Until we get laws passed that injunct the feds from ******* with the states' rights nobody is truly safe.  It never ceases to amaze me at how much peple in general "HATE" our little plant.  The gov has done a great job at disinforming the citizenry of this fact, and they swallowed it down deep.  I'm voting for the guy who'll call the feds off and you all should, too.  Until then, keep the numbers legal and you're most likely OK.


----------



## That crazy vancouver guy

this is all such a heated debate/topic... the fact remains... growing mj is NOT allowed/legal when it all boils down to it... and it all comes down to the basic principle... *if you wanna play... sometimes ya gotta pay.... *


----------



## lyfr

howdy folks,  i'm a cali card holder and my #'s are right,  and here's my take...i have very little confidence that if discovered i will get a "sorry to bother you, it was our mistake and we will inform the rest of our officers you are legal and to not be concerned."  i do believe however that after a few thousand in attorney fee's and maybe a year or two i would be sucessful in getting it all dropped.  reguardless of how *right* i am i really dont want to go through all that to prove it.  
  as far as getting busted for roomates grow...i think it would be similar.  after all is said and done their is a good chance it will be dropped...but do you want to go through that!  i say be just as careful as if your roomate was breakin the law.  if noone knows noone will care.  with that said,  i dont think i would on any property that wasn't mine...you just don't have as many rights to protect you.  
*disclaimer;*  this is all just my paranoid _opinion _


----------



## spLIFTED

Hick is dead on. you really going to think feds gonna wasite thousands of $$$ and labor intensive work and paper work to raid a place with 20 plants? 

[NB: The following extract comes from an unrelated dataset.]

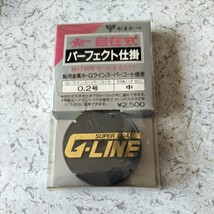 がまかつ　鮎自在式パーフェクト仕掛　鮎金属ライン　スーパーコート使用定価2.500円在庫処分品_画像1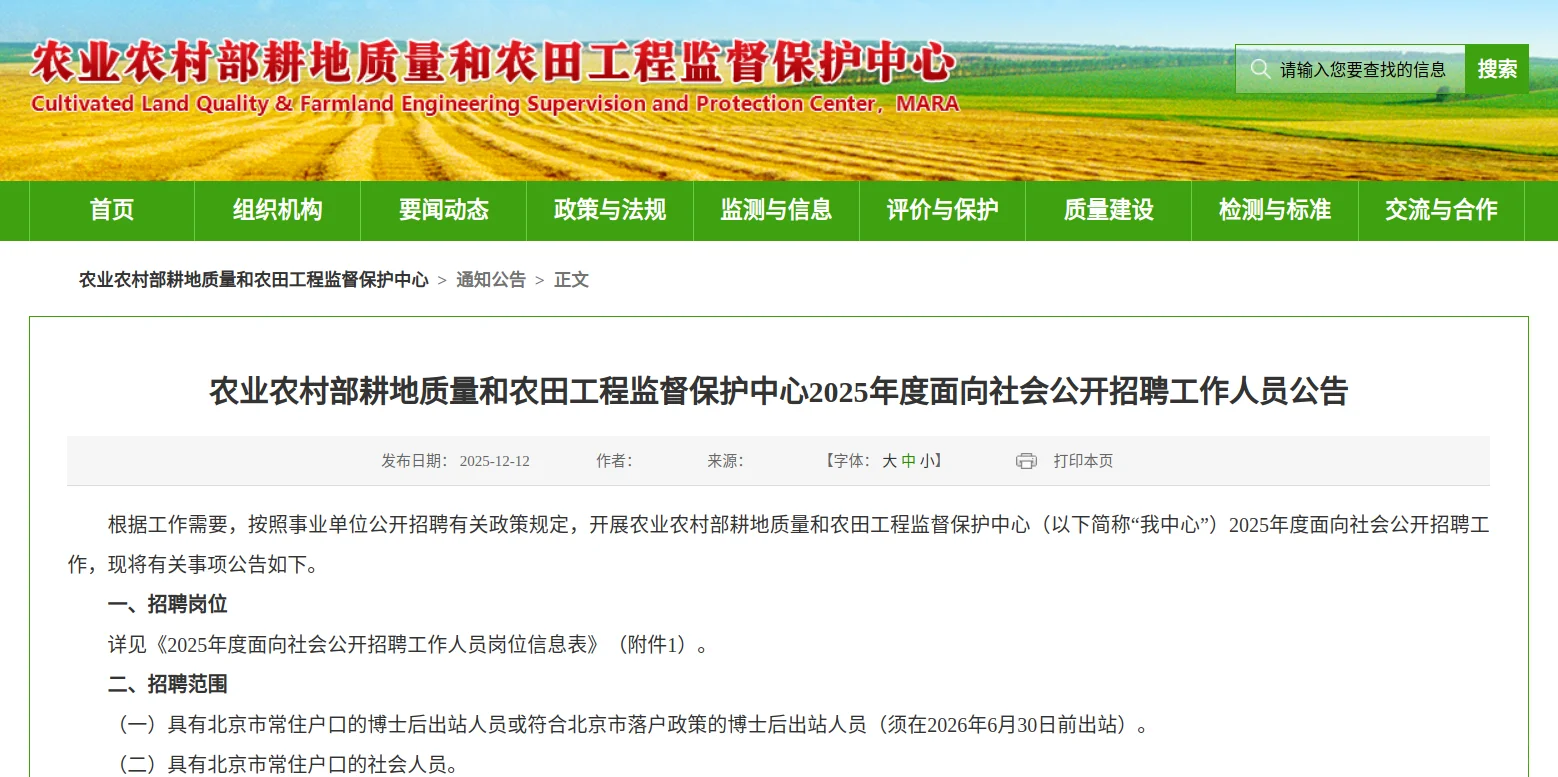 农业农村部招地理学生态学等专业给编制！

in the end they do have a job to do. And california justices have already pulled the feds out from under california for undermining this state's laws. The federals are backing off their boot and focusing stepping in the direction of for-profit busts and illegals.

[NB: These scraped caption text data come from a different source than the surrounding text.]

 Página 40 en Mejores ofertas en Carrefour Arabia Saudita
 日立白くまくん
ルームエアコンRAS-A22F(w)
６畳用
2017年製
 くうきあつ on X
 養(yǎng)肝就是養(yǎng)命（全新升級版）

it doesn't mean crap if you knew he grow or didn't, make sure its set up correctly. Make sure there are papers up on the door or near the grow with the license number. Look online for a growers permit paper stating that there is a grow beyond this door and it is under prop 215 and everything is legal.


You do what you can on your end, That's really all you can do because if they want to get you they will. And you will end up doing what any other grower would. Go to court. State reasons of growing medically and personal use. Have written account of what happen and log of how many plants. 

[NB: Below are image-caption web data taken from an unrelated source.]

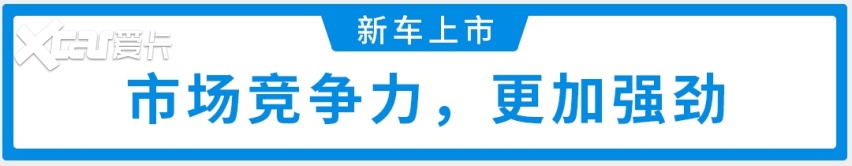 标配8气囊，配置丰富，11.98万起全新卡罗拉正式上市！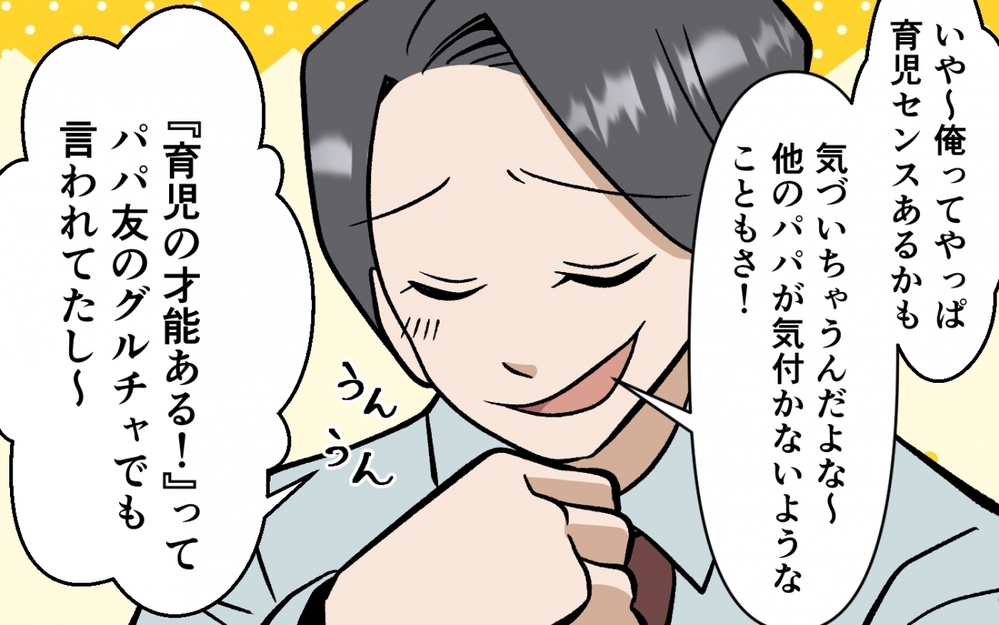 「頼りできたことは一度もない」勘違い夫は妻の犠牲に気付けるのか＜育休なんて楽勝でしょ？ 6話＞【うちのダメ夫 まんが】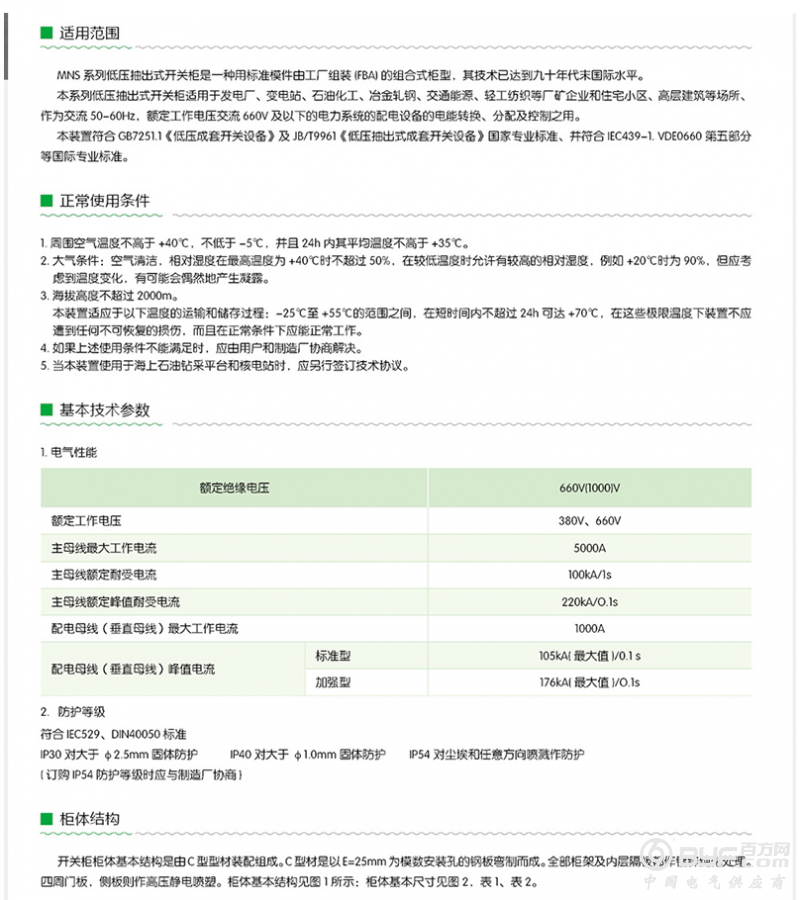 微信截图_20190816135603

Being in a criminal defense office sometimes helps when most of the criminal defense has to do with small time pot tickets.


its starting to slow down. Focus is more on stupid pot heads who shows no respect and illegals.?


LYFR is right also. getting busted is one thing as getting it dropped is simple in california. Most DA won't even take MJ cases anymore. The real issue is if you really are a patient. You would have to stress and worry over court. fees. **** that shouldnt be there in the first place. for a sick person. or a person on MJ for anxiety or depression is even worse. Most suicides has happen this way...


----------



## andy52

i haven't read much on the different states views on the mj issues.is there any legislation going on to bring this to the floor for some kind of changes,or is it at the state level.or up to each individual state?where i live you never hear anything about medical mj.only the ones being busted for mj.is there any internet site that has this info?i know dang well i qualify for the medical mj.but i live in the wrong state.whats the option,move or die waiting.and still growing and waiting on the leos.this mj topic has been blown out if proportion by these so called bible thumpers that sneak around doing there dirty.drinking,screwing the secretary and then raise hell about a little smoke,all because of politics.


----------



## frostytransit

Its always dangerous to be around, but the benefits outweigh the risks


----------



## TURKEYNECK

Gunlove said:
			
		

> I'm voting for the guy who'll call the feds off and you all should, too. Until then, keep the numbers legal and you're most likely OK.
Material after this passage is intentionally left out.